Domingo Peralta was born on December 3, 1795, at Santa clara. Domingo was the third Peralta brother to move to the Rancho San Antonio. In 1841 he left his own rancho in present Santa Clara-San Mateo counties at the urgent request of his father and brothers, to aid in the full occupation of the northern part of the grant against the encroachment by squatters. His portion of the original Rancho San Antonio included the present cities of Berkeley and Albany, and a small portion of Oakland.
In 1818, when Domingo was just 23 years old, he had been exploring the Rancho San Antonio with his brother Antonio. At the edge of a creek the brothers found quail eggs, which they ate for their lunch. They decided to name the creek Cordonices, the Spanish word for quail. When Domingo moved onto Rancho San Antonio over twenty years later, he named his portion Rancho Cordonices.
Domingo’s first home on Rancho Cordonices, built in 1841, was a one-story adobe with tile roof and dirt floor. It was the first non-native american dwelling in what is now Berkeley, on the south bank of Cordonices Creek. Today there is only a plaque at the site of his home, in front of 1302 Albina Avenue, near St. Mary’s College High School. In 1851 Domingo built a second home nearby, which was the first frame dwelling erected by any of the Peralta brothers. It was built at the back of the lot at present 1505 Hopkins Street in Berkeley, across Albina avenue from the original adobe. This house was two stories, with a long porch facing west. It was painted yellow. A family garden and an orchard were to the west of the frame house and south of the adobe.

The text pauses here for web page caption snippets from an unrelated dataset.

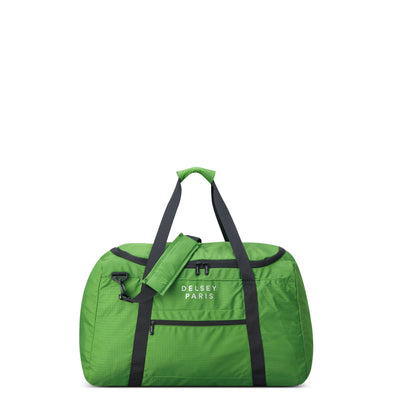 BOLSO DE VIAJE PLEGABLE MEDIANO 65 cm. NOMADE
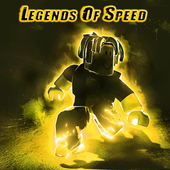 Legends Of Speed Robloxe Mod icon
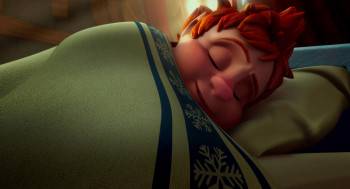 Screenshot 2 from Saving Santa (Full Movie)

Domingo is said to have been short and stocky, very dark in complexion, and bore a great physical resemblance to his father. Domingo married Paulena de Pacheco on November 22, 1821, at Mission Santa Clara. After Paulina died he married María Eduviges Garcia on August 10, 1835 at Mission Santa Clara. Domingo and Maria lived on Rancho Cordonices with eight children – four from his first marriage and four more from the second.
Like all the Californios who had ranchos granted during the Spanish and Mexican eras, Domingo’s life was severely impacted by the Goldrush. He was burdened by legal proceedings and fees in order to with prove his ownership of the land against hordes of American settlers, who soon started developing a commercial downtown on his land. In 1852, Domingo was arrested for assaulting two squatters on his property and fined $700. His sons also ran into trouble with the law, accused of stealing cattle, horses, and grain.
Domingo was soon selling off his land in order to raise money for legal fees and fines. He also fell victim to the unscrupulous dealings of Horace Carpentier, who cheated Domingo out of his land by convincing him into sign misleading legal papers written in English.
By the mid-1850’s Domingo’s holdings were reduced from their original twelve thousand acres down to a mere thirty acres. After he died in 1865, his widow and all the family moved out of their frame house, and the garden and orchard were abandoned because they could no longer afford to maintain it. The house was sold in 1876 and the buyer moved the it to his own land on the north side of Schoolhouse creek, a few hundred yards south of the original site. In 1924 the building was sold to the University of California, and it served as a storeroom and toolshed until 1933, when the whole building was torn down.